WHAT YOU NEED TO DO >>
Begin at the line containing "см, алюминий, золото" and retype each line through the end of the records exactly. Include nothing else and no pictures.
+++ MATERIAL SHOWN
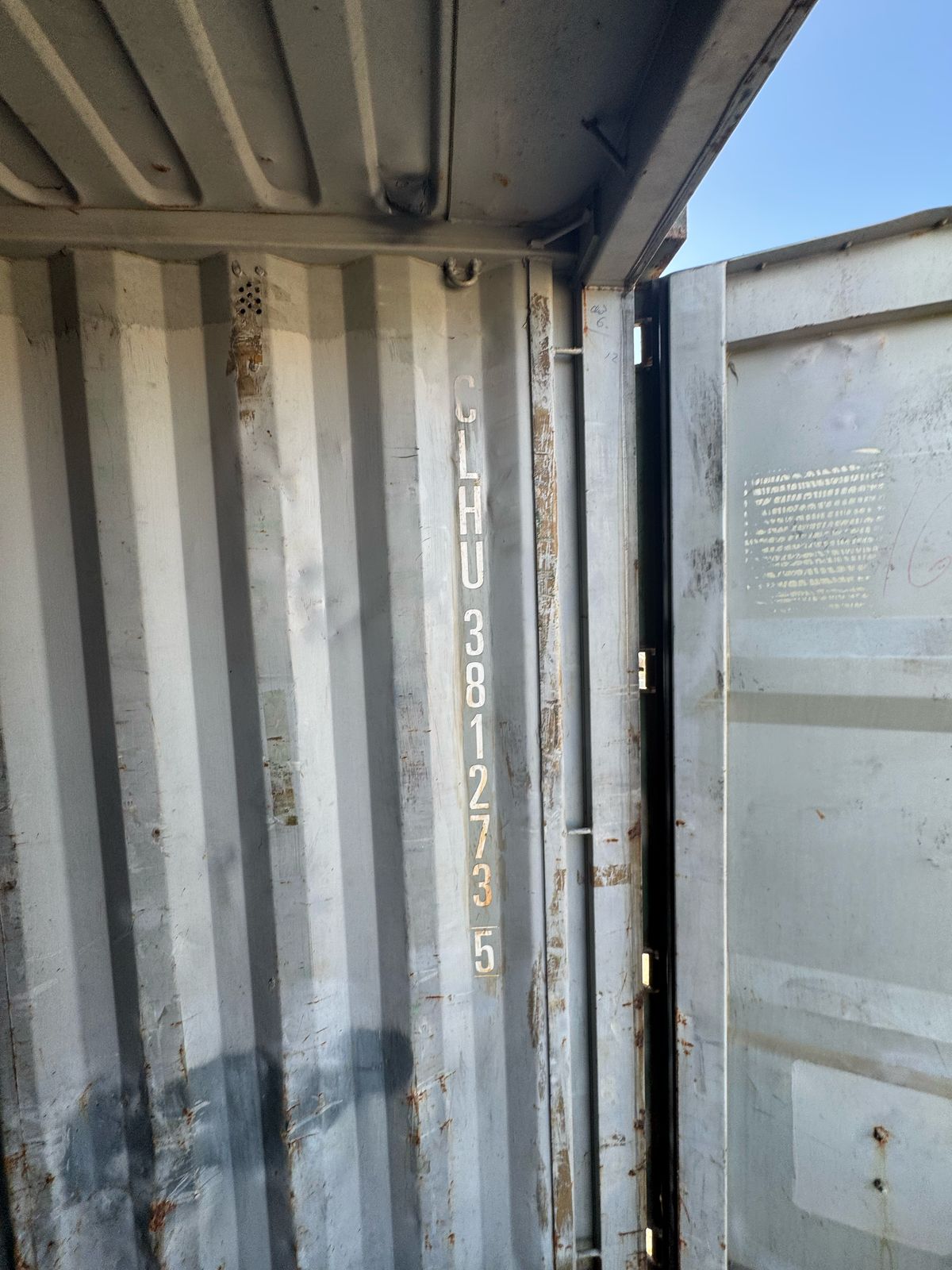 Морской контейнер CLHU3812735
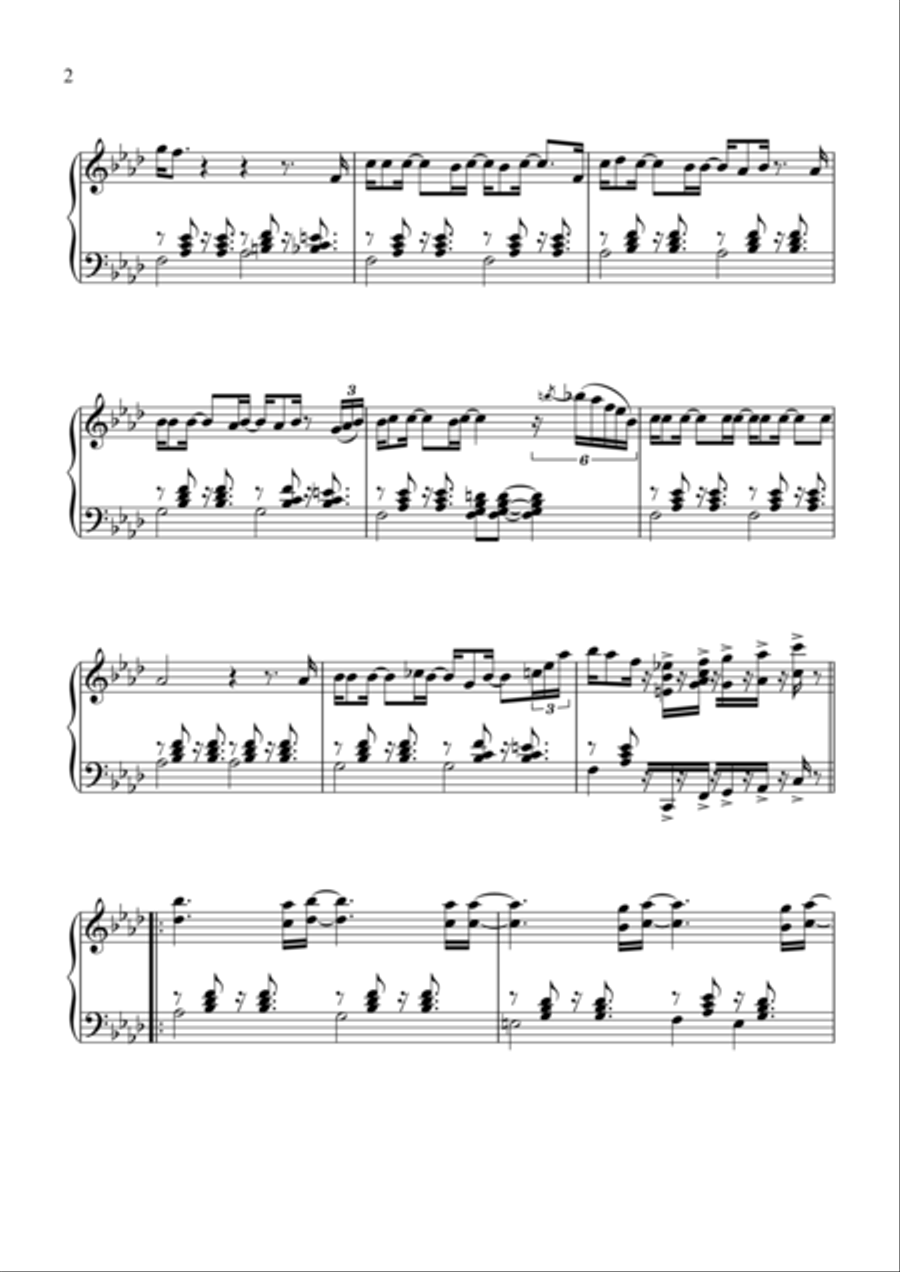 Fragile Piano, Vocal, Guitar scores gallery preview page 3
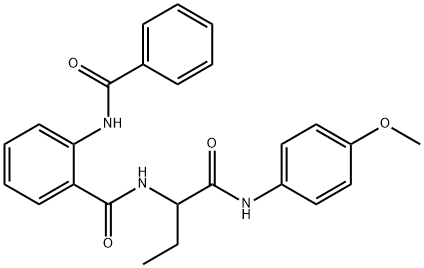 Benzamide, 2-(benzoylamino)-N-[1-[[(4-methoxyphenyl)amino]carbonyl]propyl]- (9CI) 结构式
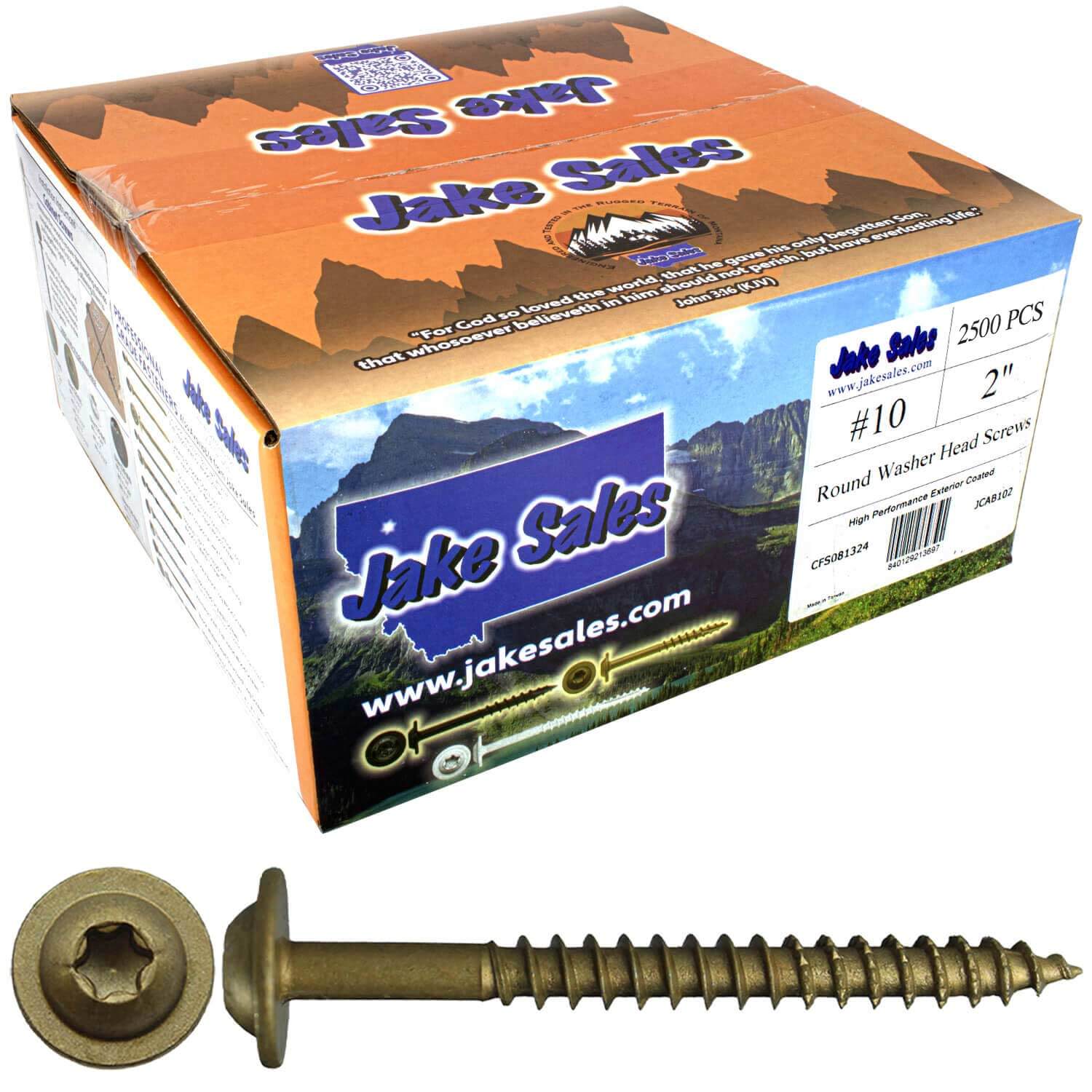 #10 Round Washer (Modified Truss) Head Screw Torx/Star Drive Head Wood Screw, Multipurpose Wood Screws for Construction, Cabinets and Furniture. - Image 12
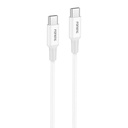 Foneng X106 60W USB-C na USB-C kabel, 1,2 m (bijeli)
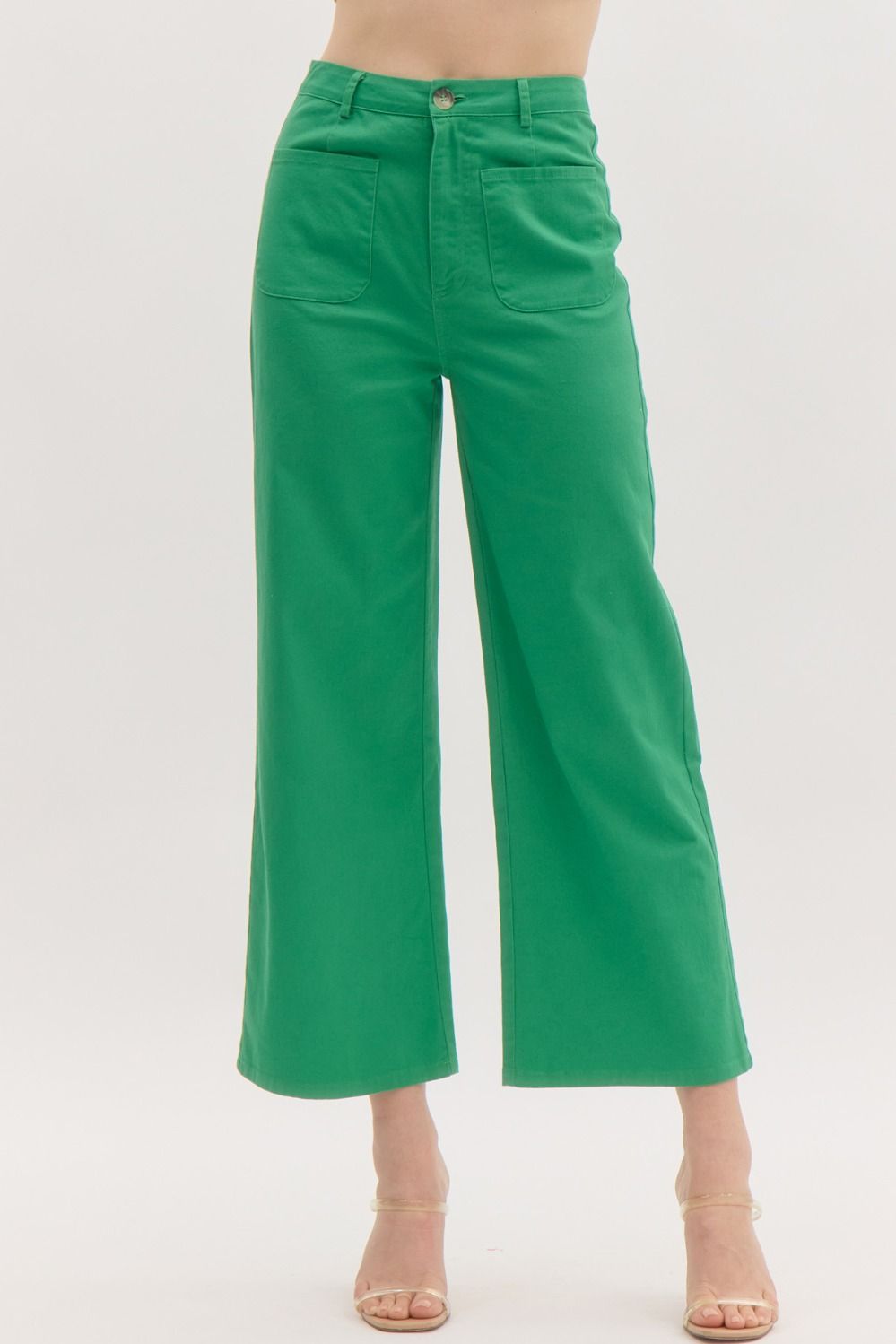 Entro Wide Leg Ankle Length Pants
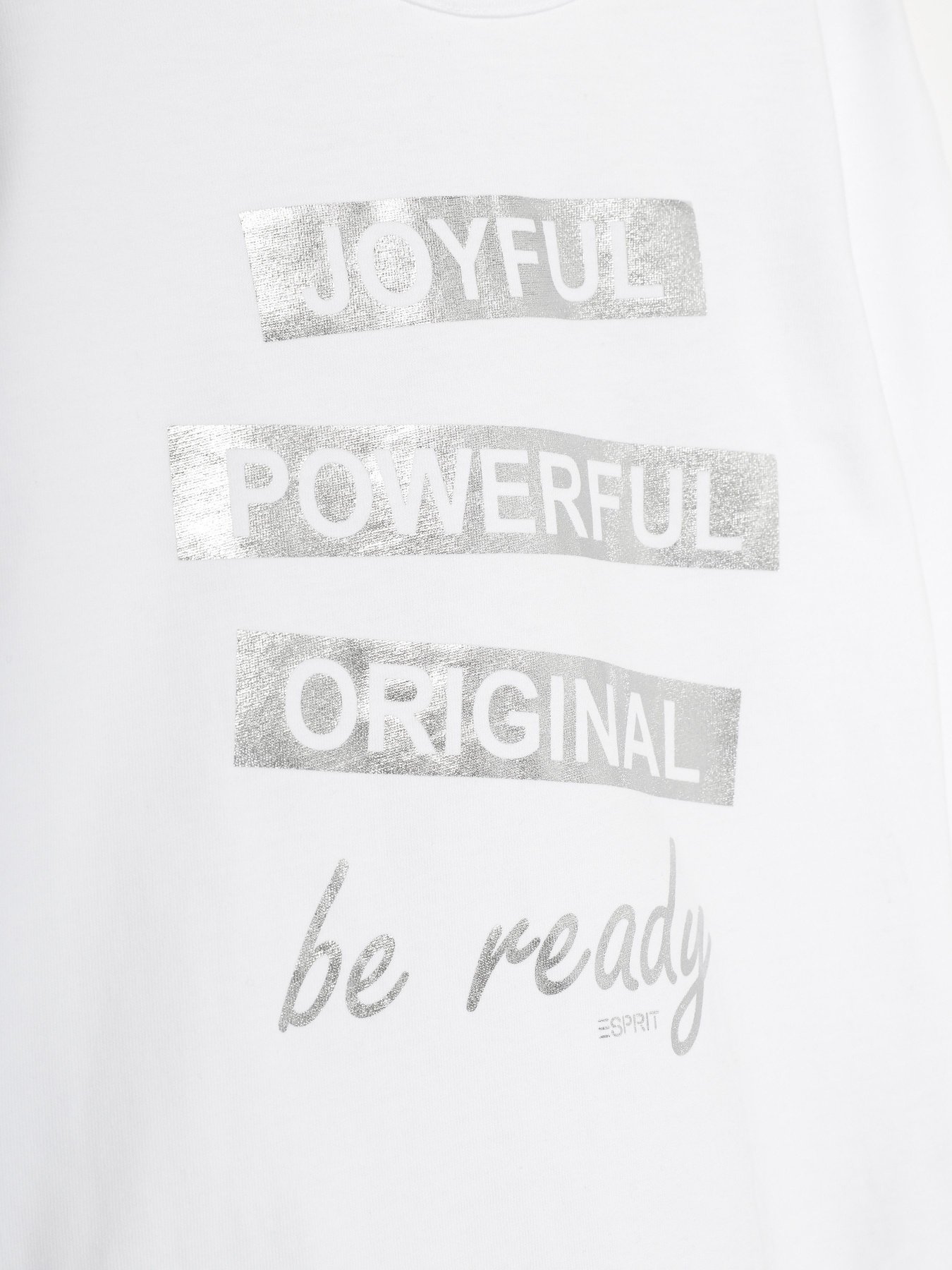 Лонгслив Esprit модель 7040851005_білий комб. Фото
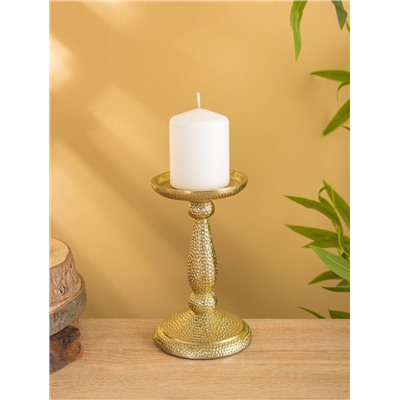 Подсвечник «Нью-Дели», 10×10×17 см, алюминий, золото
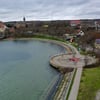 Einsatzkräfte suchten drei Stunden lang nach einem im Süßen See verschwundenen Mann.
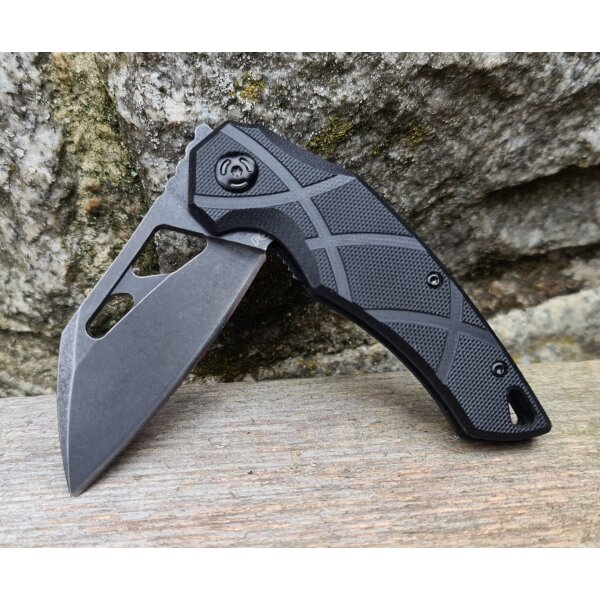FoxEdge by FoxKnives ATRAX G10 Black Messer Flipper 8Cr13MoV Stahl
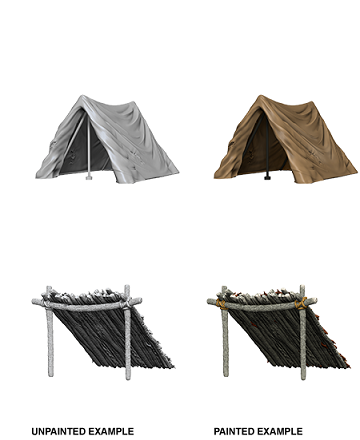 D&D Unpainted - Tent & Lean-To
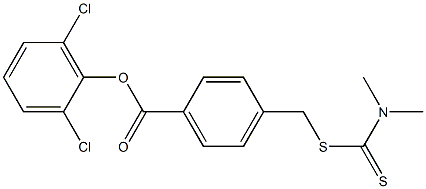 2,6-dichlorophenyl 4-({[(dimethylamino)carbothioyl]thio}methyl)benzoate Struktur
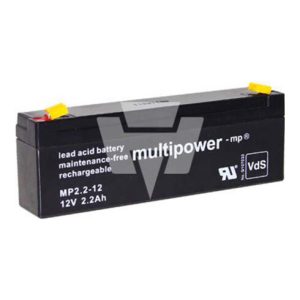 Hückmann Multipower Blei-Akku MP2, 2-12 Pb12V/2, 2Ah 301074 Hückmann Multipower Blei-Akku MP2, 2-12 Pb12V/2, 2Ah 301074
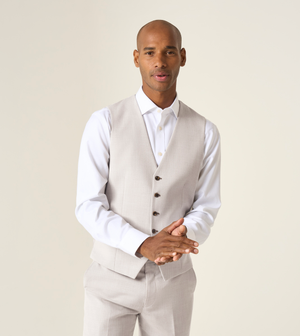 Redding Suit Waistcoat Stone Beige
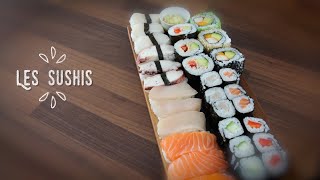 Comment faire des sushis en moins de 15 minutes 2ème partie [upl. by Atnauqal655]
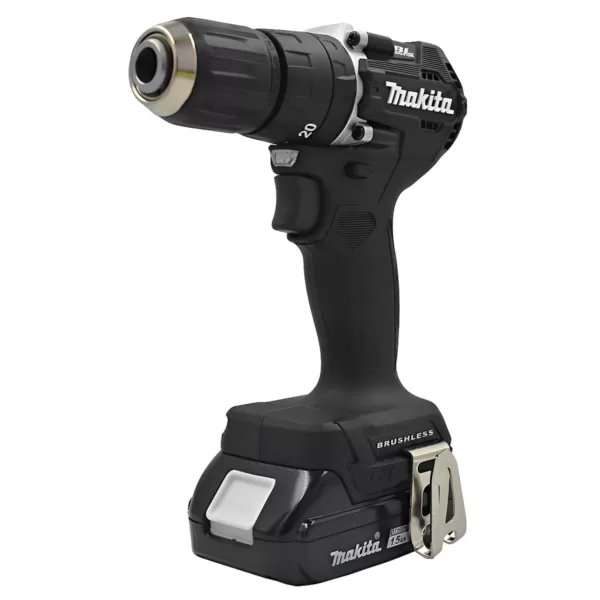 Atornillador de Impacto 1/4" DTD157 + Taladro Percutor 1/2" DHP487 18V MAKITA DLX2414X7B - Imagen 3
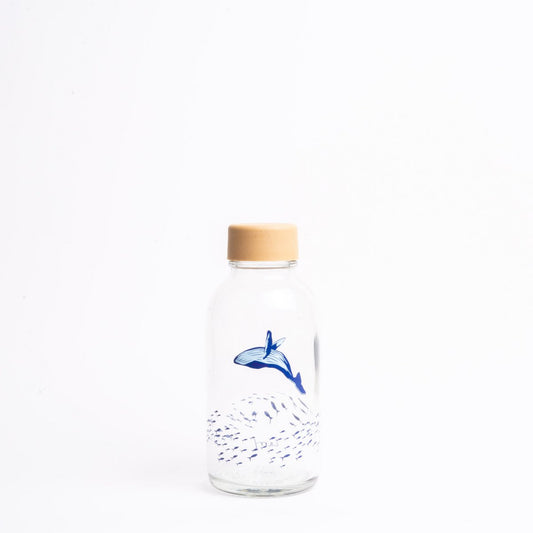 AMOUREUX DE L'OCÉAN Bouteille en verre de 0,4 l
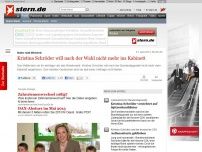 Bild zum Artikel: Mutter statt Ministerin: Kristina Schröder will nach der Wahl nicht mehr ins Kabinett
++++++
RESPONSE BOX >>
 Подсвечник «Нью-Дели», 10×10×17 см, алюминий, золото
 Einsatzkräfte suchten drei Stunden lang nach einem im Süßen See verschwundenen Mann.
FoxEdge by FoxKnives ATRAX G10 Black Messer Flipper 8Cr13MoV Stahl
 D&D Unpainted - Tent & Lean-To
 2,6-dichlorophenyl 4-({[(dimethylamino)carbothioyl]thio}methyl)benzoate Struktur
 Hückmann Multipower Blei-Akku MP2, 2-12 Pb12V/2, 2Ah 301074 Hückmann Multipower Blei-Akku MP2, 2-12 Pb12V/2, 2Ah 301074
 Redding Suit Waistcoat Stone Beige
 Comment faire des sushis en moins de 15 minutes 2ème partie [upl. by Atnauqal655]
 Atornillador de Impacto 1/4" DTD157 + Taladro Percutor 1/2" DHP487 18V MAKITA DLX2414X7B - Imagen 3
 AMOUREUX DE L'OCÉAN Bouteille en verre de 0,4 l
 Bild zum Artikel: Mutter statt Ministerin: Kristina Schröder will nach der Wahl nicht mehr ins Kabinett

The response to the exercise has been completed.